Reste à savoir si Trump bénéficiera d’un regain de sympathie durable. Mais trois conclusions peuvent déjà être tirées. La première est que la convention nationale républicaine de Milwaukee cette semaine sera dominée par son quasi-accident. La campagne de Trump est extrêmement douée pour chorégraphier les effets visuels afin de mettre en valeur son message. L’image emblématique du candidat se levant courageusement de sa mort imminente imprégnera la scène de la convention. Trump devrait nommer son colistier dans les deux prochains jours, probablement lundi. Attendez-vous à ce que la nation soit fascinée par l’admiration ou la crainte face à l’utilisation que les républicains feront du quasi-martyr de Trump. Lors de la première convention présidentielle de Trump à Cleveland en 2016, les rues autour du hall principal grouillaient de milices privées brandissant des armes. Le maintien de l’ordre dans les rues de Milwaukee cette semaine sera un défi inhabituellement difficile, même selon les normes américaines.

Deuxièmement, Joe Biden devrait bénéficier d’un répit au moins temporaire dans le débat interne des démocrates sur la question de savoir s’il doit ou non renoncer à son poste de candidat de son parti.
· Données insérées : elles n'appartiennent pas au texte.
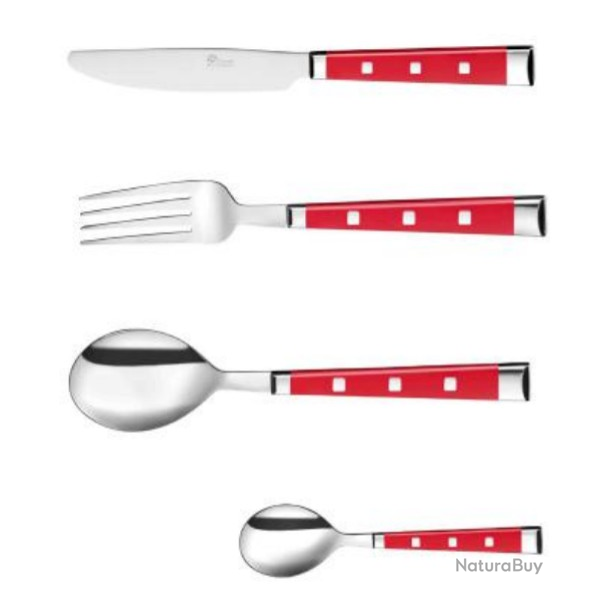 ENSEMBLE MENAGERE PRADEL EXCELLENCE 24 PIECES GAMME BISTRO ROUGE 1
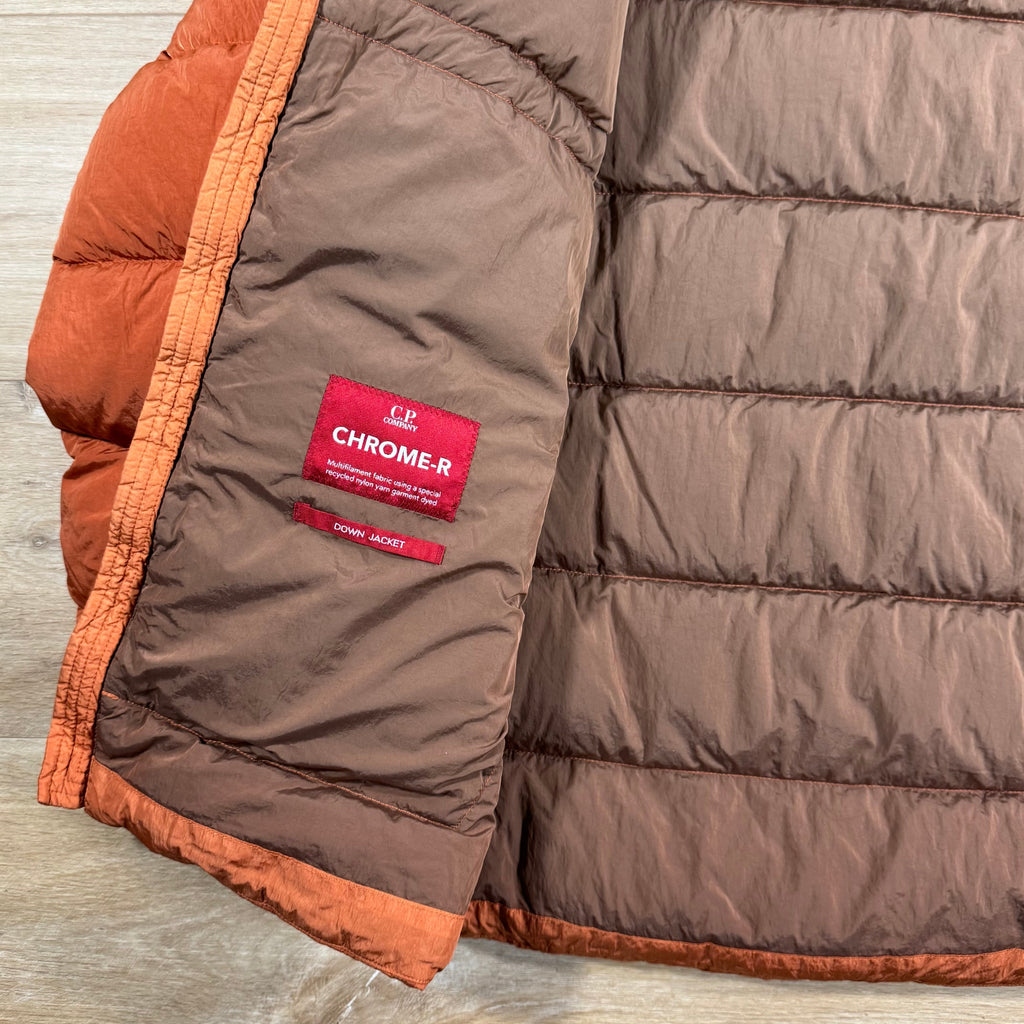 CP Company Chrome-R Goggle Down Jacket in Bombay Brown Ironleague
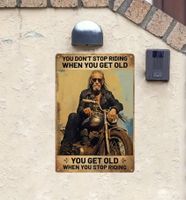 Metallschild Motorrad / 30cm × 20cm / You dont stop riding..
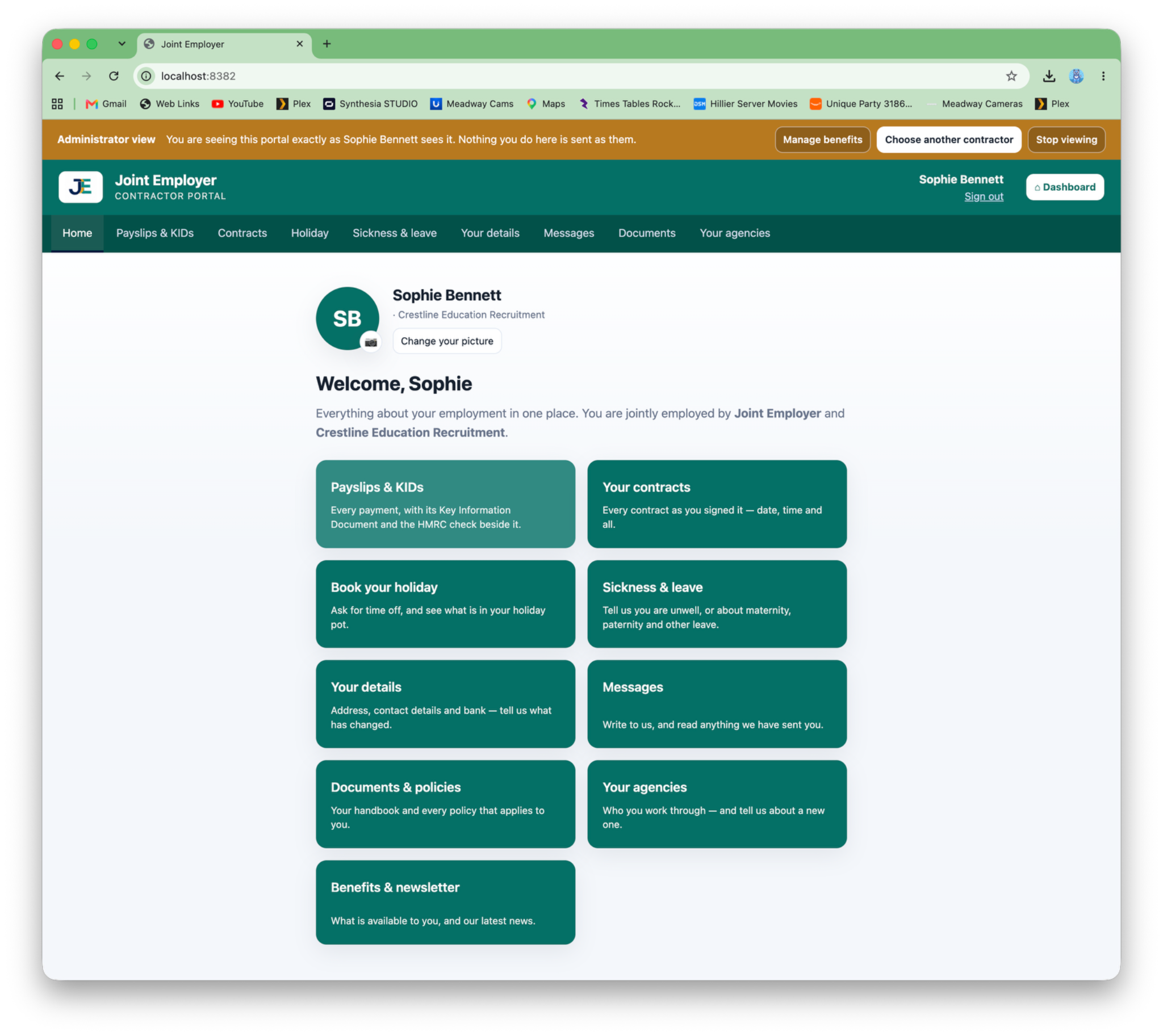 Contractor portal preview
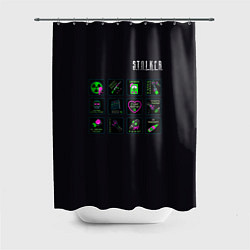Шторка для душа STALKER Стикеры Припять, цвет: 3D-принт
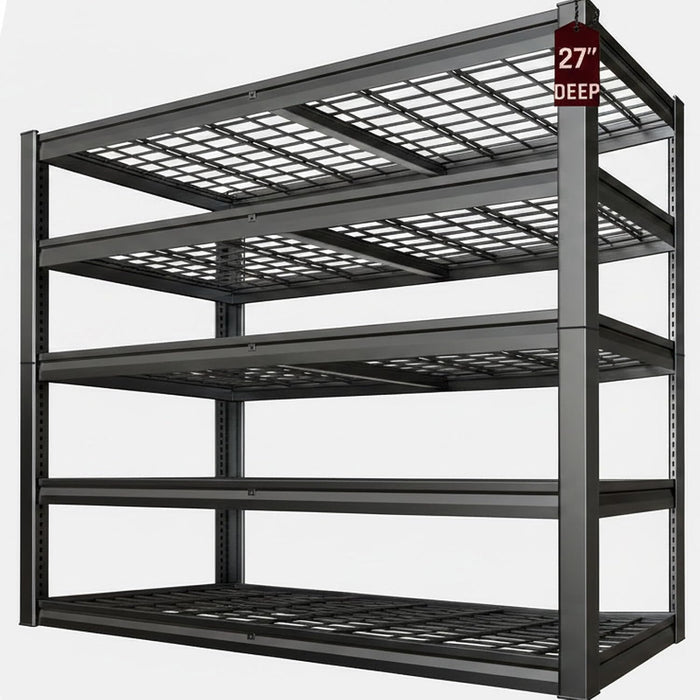 27" D Storage Shelves, Garage Shelving Heavy Duty Metal Adjustable Garage Shelves, Shelving Units Industrial Shelving for Warehouse, 62" W x 27" D x 78" H,Black
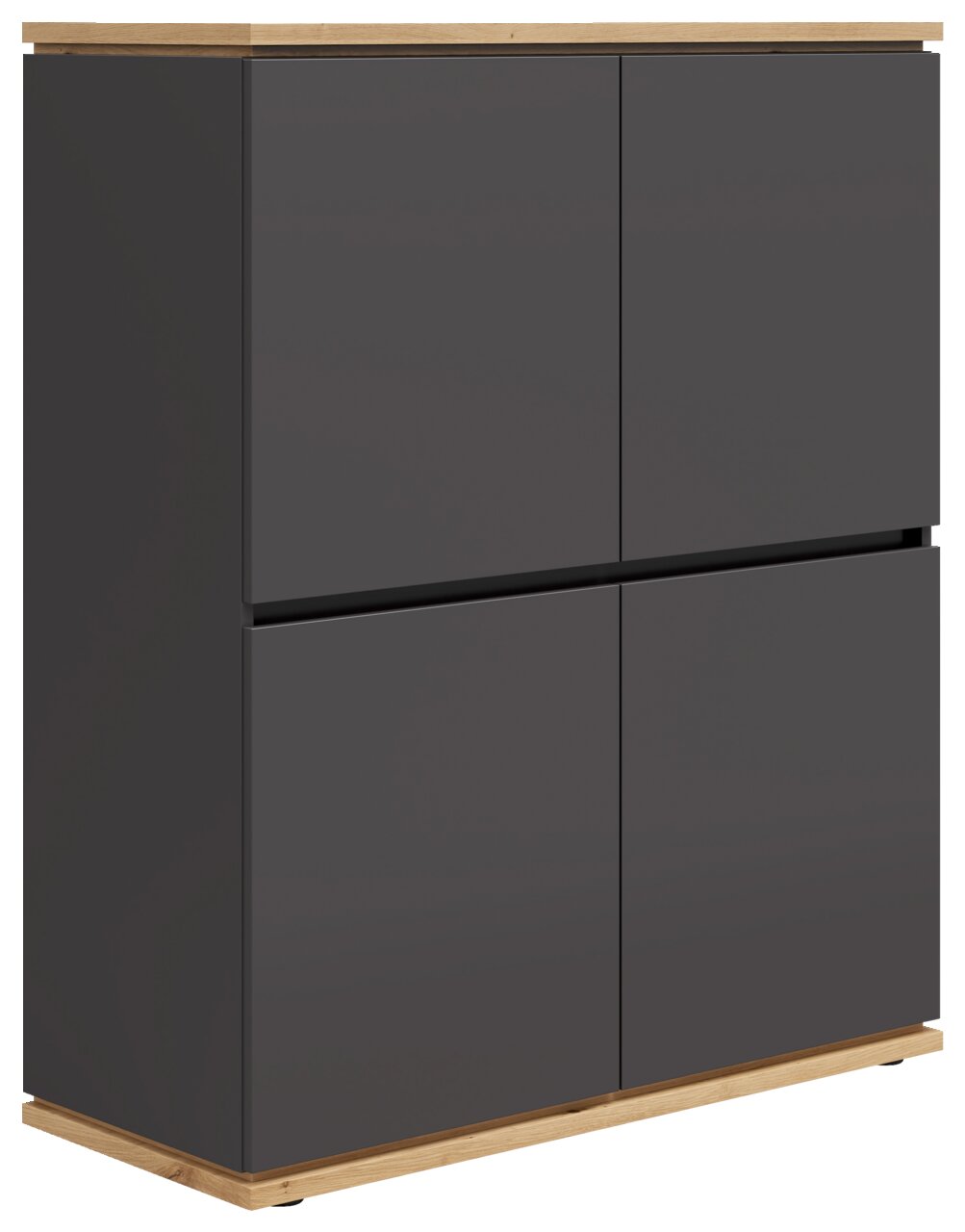 Modernes Highboard in dunklem Grau mit Holzdetails, seitliche Perspektive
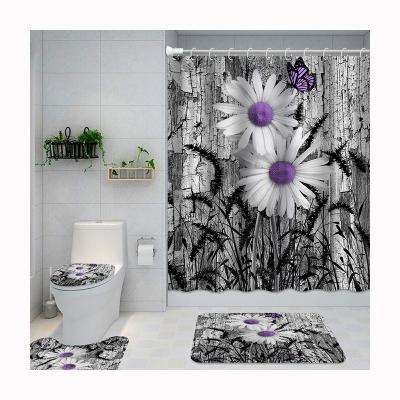 China New Viable Popular Waterproof Curtains In White Daisies Design To Customize Printing Polyester Shower Curtain Bathroom Sets for sale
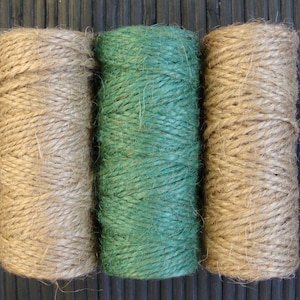 3 Rolls of Jute Twine 118ft each. Natural Jute Twine, Green Jute Twine, Bakers Twine image 5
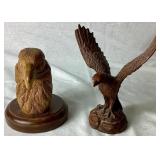 Hand Carved Eagle Head by Richard Southard 1986 and Red Mill Mfg. Handcrafted Eagle Figurine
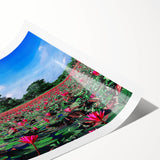 Extra large wall art featuring line art flowers in muted earth tones on rolled canvas, ideal for large living room decor.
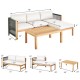 Honhorrs Three-Piece Acacia Patio Sofa Set, Rope Armrest Detail and Removable Seat and Back Cushions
Même si cela semble beaucoup plus long, les 17 jours qui se sont écoulés depuis que Biden a raté son débat sur CNN avec Trump ont été consumés par une joute de plus en plus acerbe entre les démocrates. Les passions derrière ce conflit – qui serait le mieux placé pour vaincre Trump en novembre – restent tout aussi pertinentes. Mais l’attention va maintenant se tourner à nouveau vers Trump. L’équipe de campagne de Biden a annoncé qu’elle suspendait ses publicités anti-Trump dimanche. Il serait surprenant que cela dure plus de quelques jours. Il reste encore cinq semaines avant la convention démocrate de Chicago. Il serait également surprenant que les appels à la démission de Biden ne reprennent pas.

Il est bien trop tôt pour spéculer – comme certains se sont empressés de le faire – que les perspectives d’élection déjà bonnes de Trump ne sont pas désormais inéluctables. En 1981, Ronald Reagan avait connu une hausse de popularité phénoménale après avoir été abattu par un tireur isolé. Cette hausse s’est évaporée en quelques semaines. Mais il est juste de dire qu’une élection déjà existentielle est désormais considérablement plus tendue qu’auparavant. La violence était déjà implicite dans une grande partie de la rhétorique. Elle est désormais explicite. Il est toujours tentant de souligner que les armes à feu et les meurtres politiques sont un élément essentiel de la république américaine. C’est vrai par rapport à d’autres démocraties. Mais les conditions en 2024 sont uniques. Une balle a presque tué l’homme qui jure de se venger s’il est réélu à la Maison Blanche. Un esprit de vengeance hante l’Amérique.